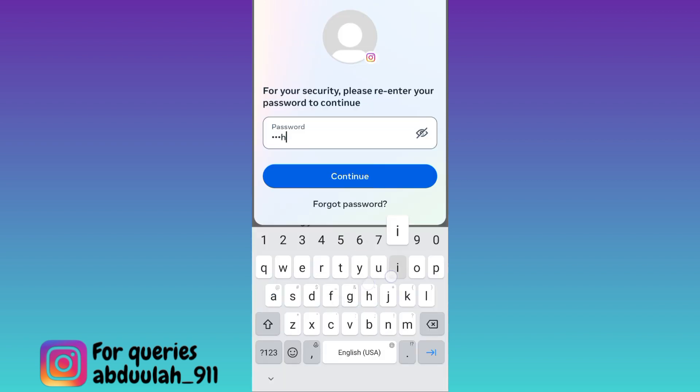Enter your Instagram account's password and tap on Continue. After you click on Continue, your Instagram account will be deactivated.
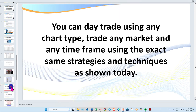As we go to the charts: you can day trade using any chart type. I love Renko and tick charts. You can use tick charts, standard time-based charts, Renko, or range — it really doesn't matter. You can apply the exact same setups regardless of what you trade, whether it be stocks, futures, or forex.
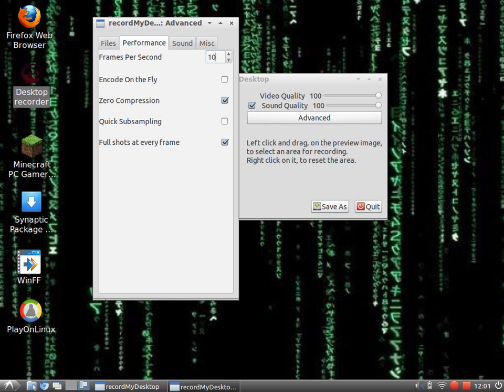The second one is zero compression. You need this. It will make your video look better and the frames go better.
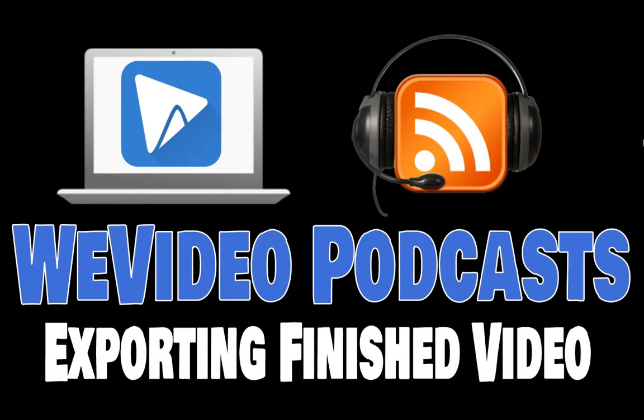Welcome to this WeVideo screencast. You've been creating a podcast and I'm going to show you how to export your finished video.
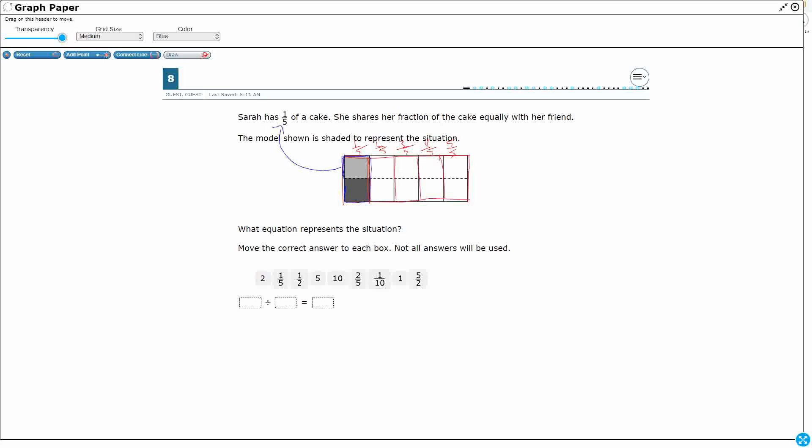Now she's going to share her fraction of the cake equally with her friend. Okay, so what does that mean when we share it equally with a friend? Well, we cut it in half. So when we cut something in half, you see we've got this dotted line here. That's what this is representing. Now rather than, she's only got this one piece right here, but rather than cutting just that, we go ahead and cut across all of the diagrams so that I can show what we have here.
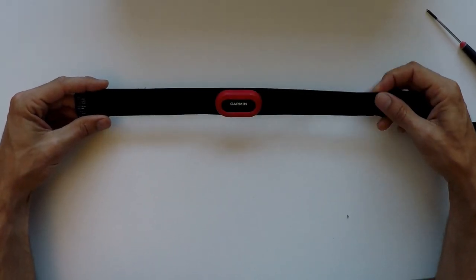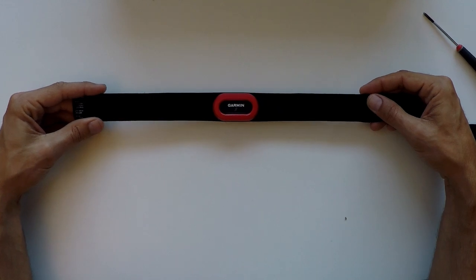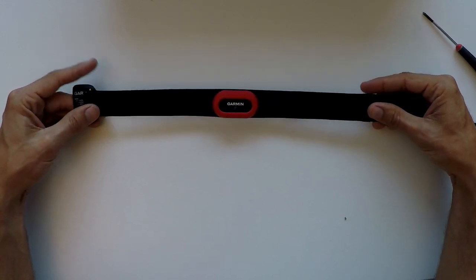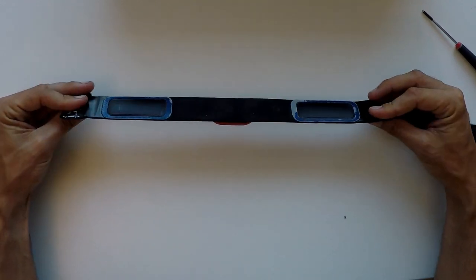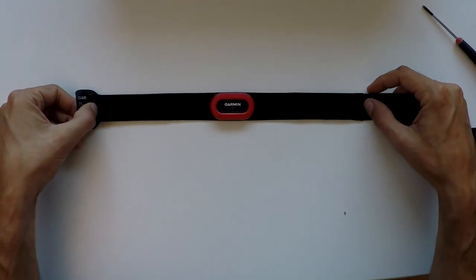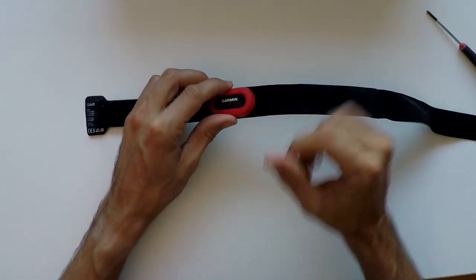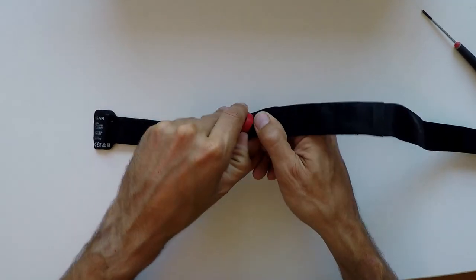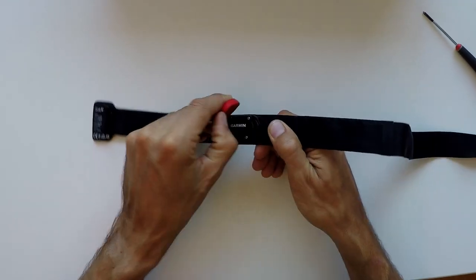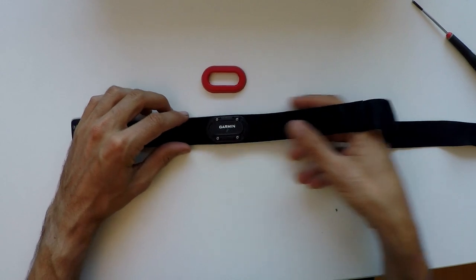Alright, so today we are changing the battery in this Garmin HRM run heart rate monitor. It's really easy. You just start off by taking off this rubber bit, the red one. Really easy to get off.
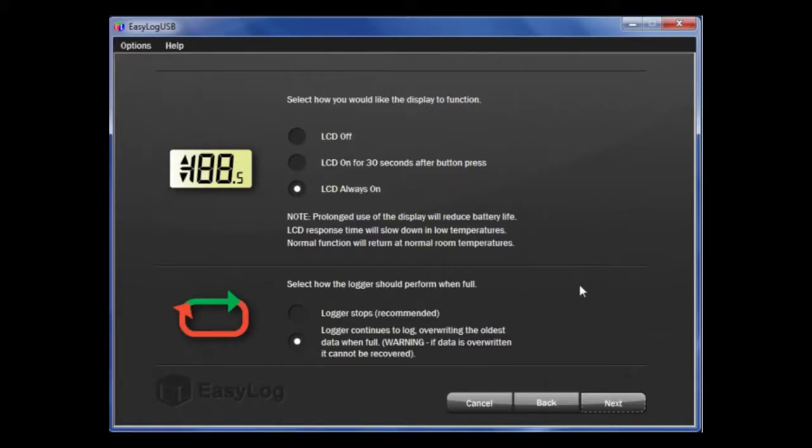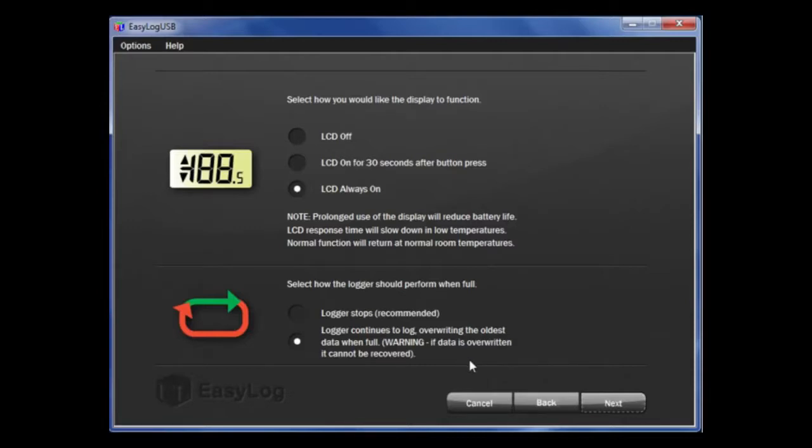Next, you can choose if you want the data logger to stop when it is full, or whether you want it to roll over and continue to take readings. If you are simply interested in alarms, then perhaps a rollover option is better fit for you. If you need to download and save all readings, then programming the logger to stop may be a better option.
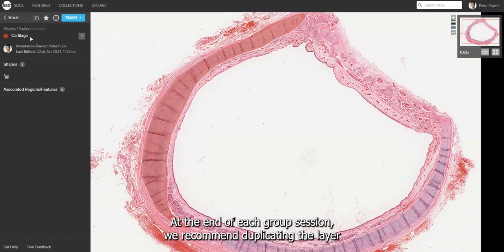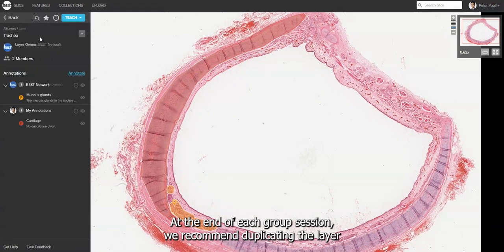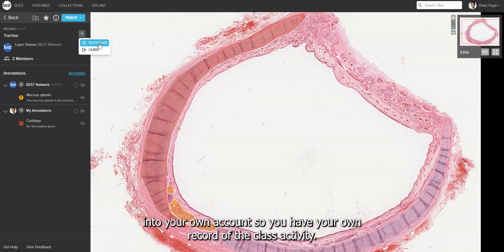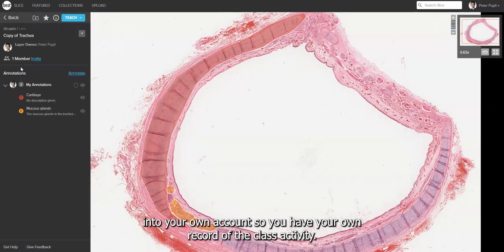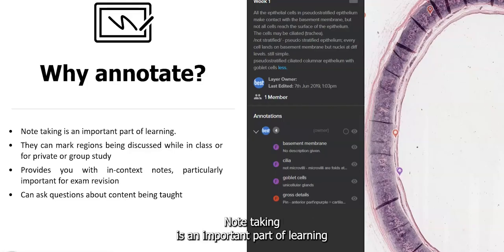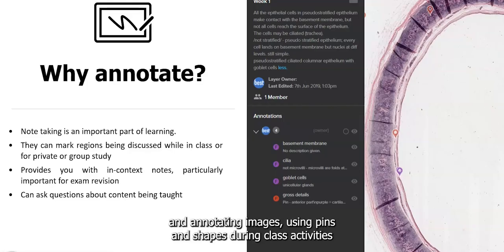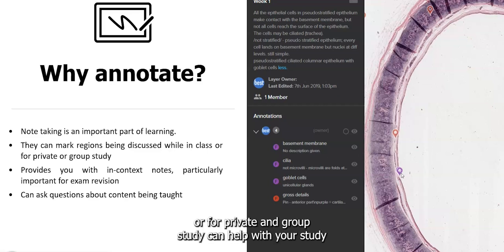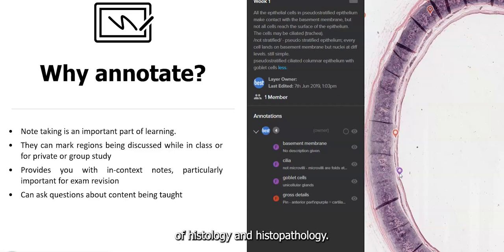At the end of each group session, we recommend duplicating the layer into your own account so you have your own record of the class activity. Note-taking is an important part of learning, and annotating images using pins and shapes during class activities or for private and group study can help with your study of histology and histopathology.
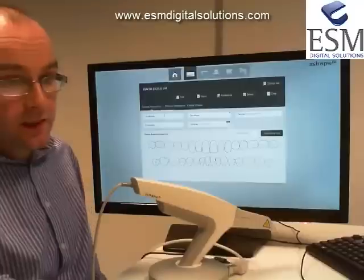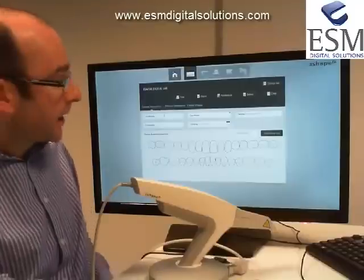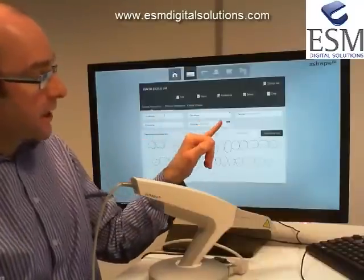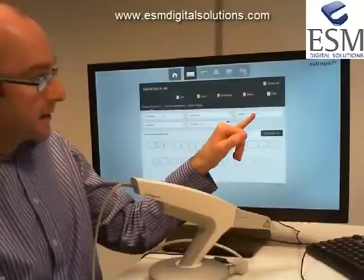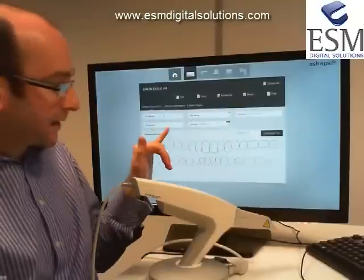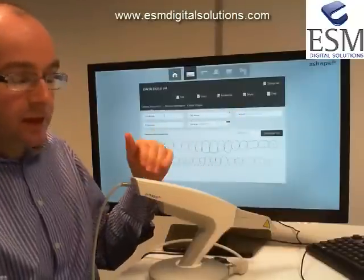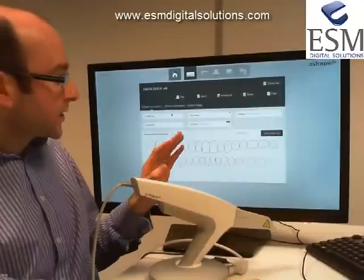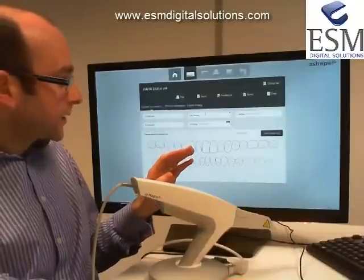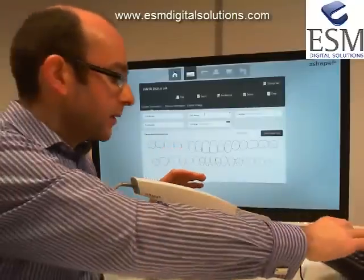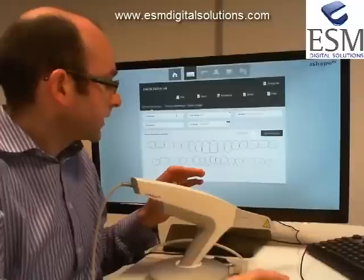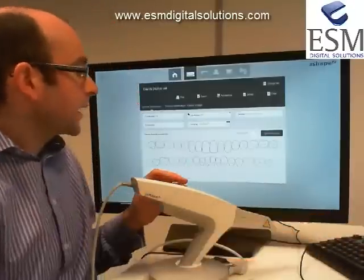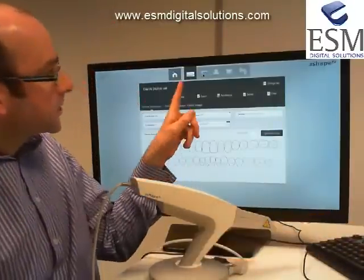The information we need to enter here starts with the patient's ID, first name, and last name. That's it. We can also enter some comments and operator information if we wish. We'll put some figures in there and we're ready to go.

Action item:
Copy out exactly the lines above beginning with the line that contains "Welcome to this" and finishing with the line that contains "Now she's going", including both; leave the pictures out.

Written solution:
Welcome to this WeVideo screencast. You've been creating a podcast and I'm going to show you how to export your finished video.
Now she's going to share her fraction of the cake equally with her friend. Okay, so what does that mean when we share it equally with a friend? Well, we cut it in half. So when we cut something in half, you see we've got this dotted line here. That's what this is representing. Now rather than, she's only got this one piece right here, but rather than cutting just that, we go ahead and cut across all of the diagrams so that I can show what we have here.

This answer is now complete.